PROBLEM TO SOLVE ▸ With pictures excluded, copy word for word the lines in the data below from the line containing "Vue détaillée of" through the line containing "Ağrı'da asfalt çalışmasının".

AVAILABLE DATA ▸
···

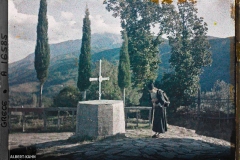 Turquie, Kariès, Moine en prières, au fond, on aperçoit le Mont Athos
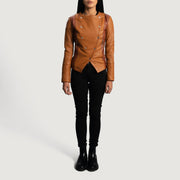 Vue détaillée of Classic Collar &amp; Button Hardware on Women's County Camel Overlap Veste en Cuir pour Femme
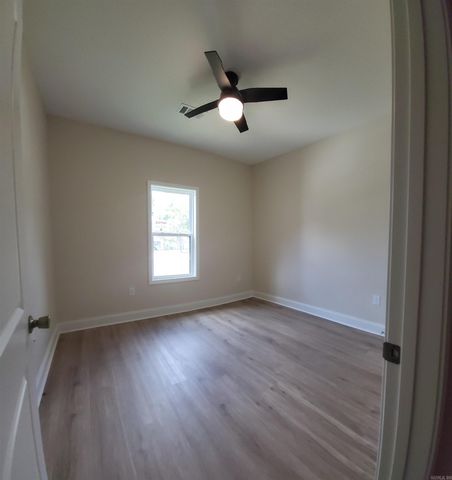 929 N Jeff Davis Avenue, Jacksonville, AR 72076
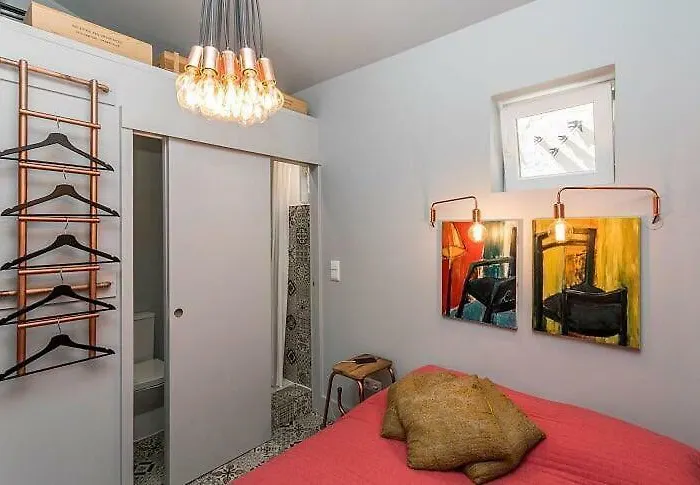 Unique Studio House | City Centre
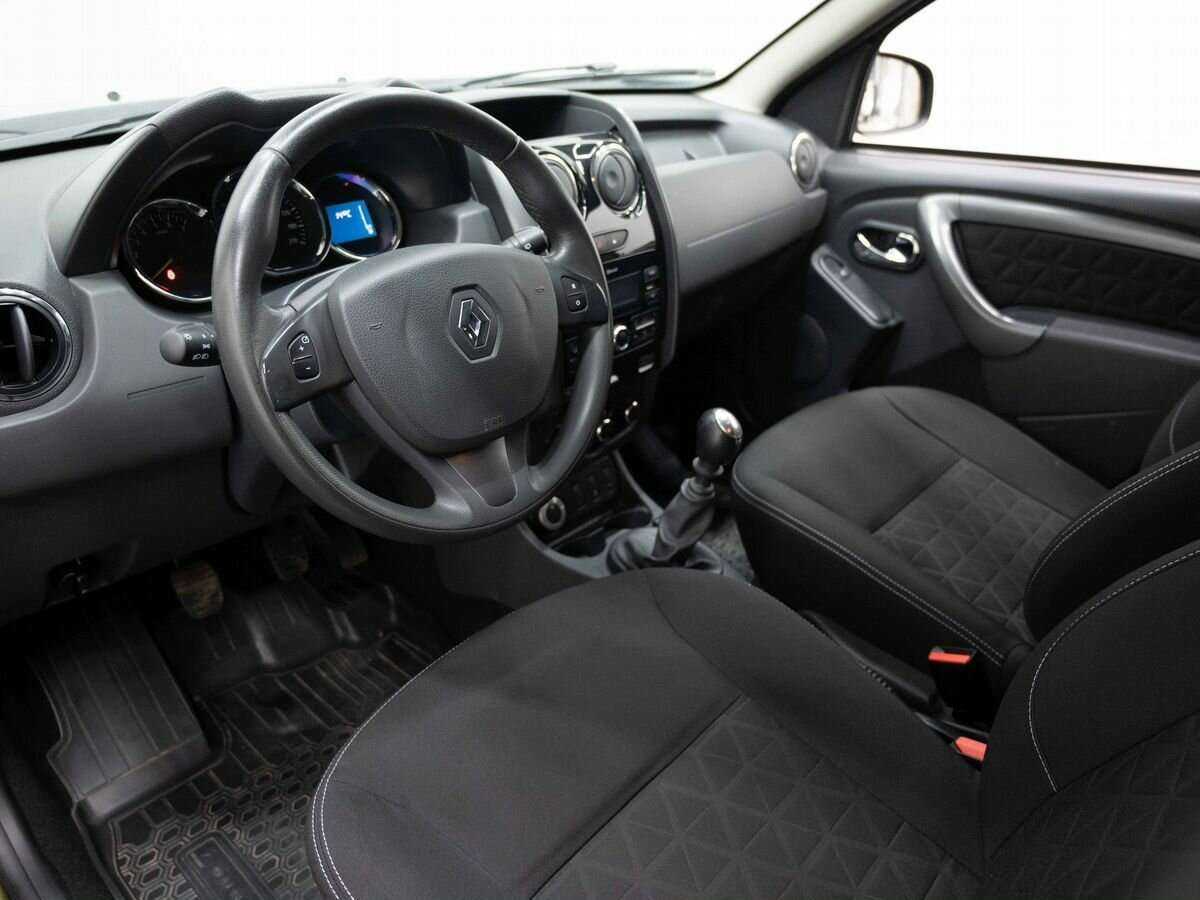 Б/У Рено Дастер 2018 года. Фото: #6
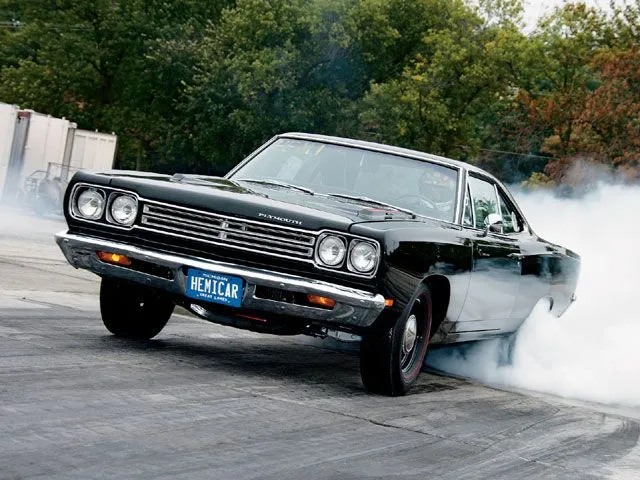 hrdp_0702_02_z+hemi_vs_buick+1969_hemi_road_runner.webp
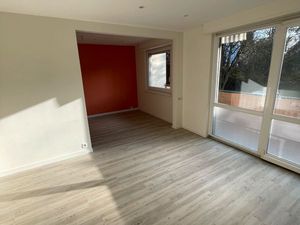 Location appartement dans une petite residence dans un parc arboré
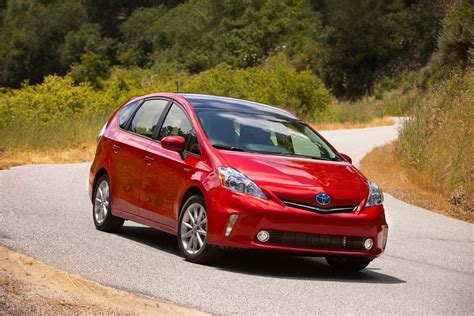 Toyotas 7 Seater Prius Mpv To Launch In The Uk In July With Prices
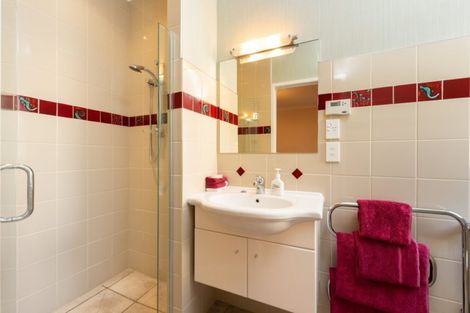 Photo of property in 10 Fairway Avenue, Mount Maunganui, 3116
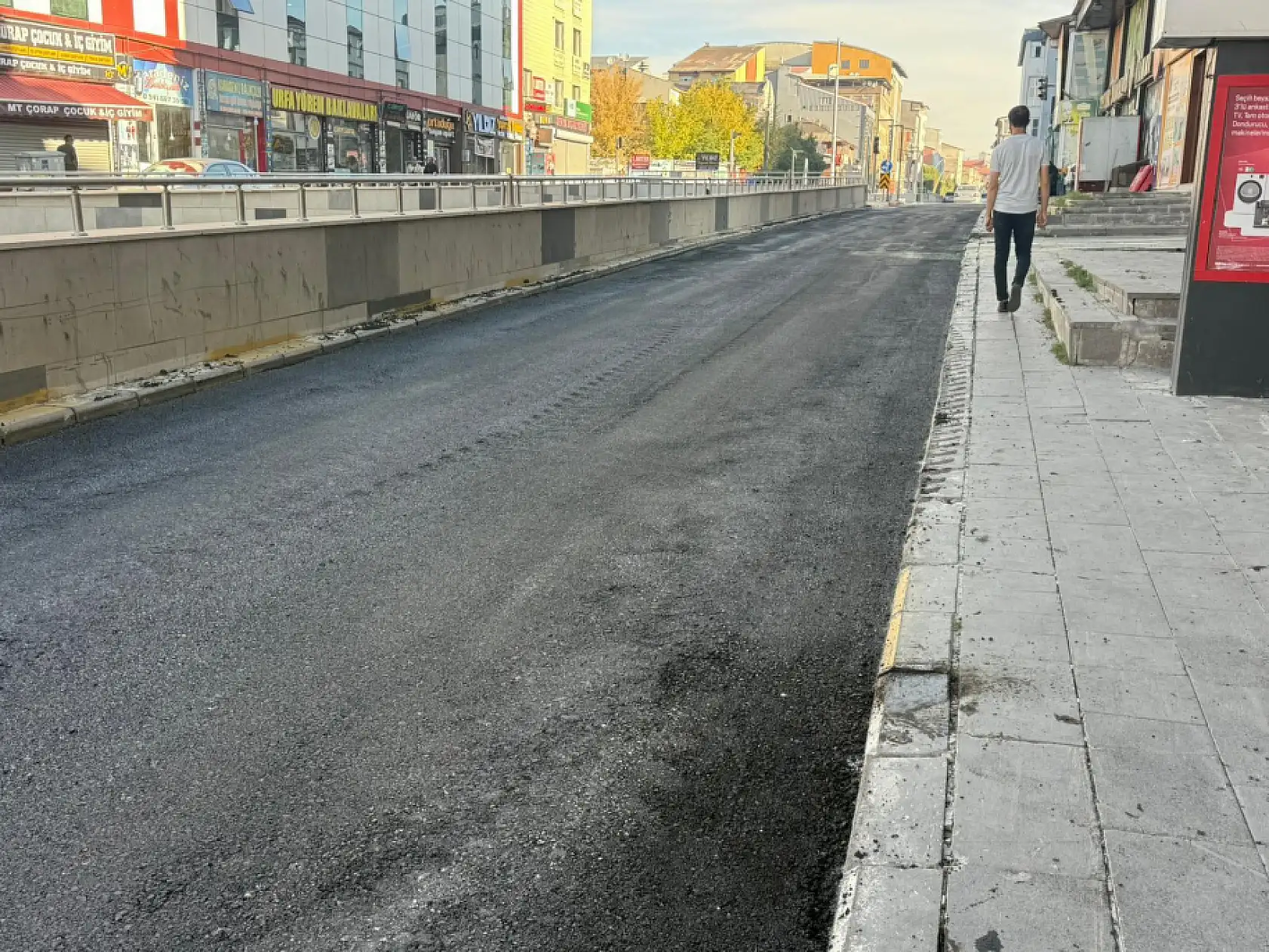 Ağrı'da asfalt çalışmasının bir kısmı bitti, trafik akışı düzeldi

···

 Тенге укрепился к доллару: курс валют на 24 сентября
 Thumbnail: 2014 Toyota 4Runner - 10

···

ANSWER BOX ▸
 Vue détaillée of Classic Collar &amp; Button Hardware on Women's County Camel Overlap Veste en Cuir pour Femme
 929 N Jeff Davis Avenue, Jacksonville, AR 72076
 Unique Studio House | City Centre
 Б/У Рено Дастер 2018 года. Фото: #6
 hrdp_0702_02_z+hemi_vs_buick+1969_hemi_road_runner.webp
 Location appartement dans une petite residence dans un parc arboré
 Toyotas 7 Seater Prius Mpv To Launch In The Uk In July With Prices
 Photo of property in 10 Fairway Avenue, Mount Maunganui, 3116
 Ağrı'da asfalt çalışmasının bir kısmı bitti, trafik akışı düzeldi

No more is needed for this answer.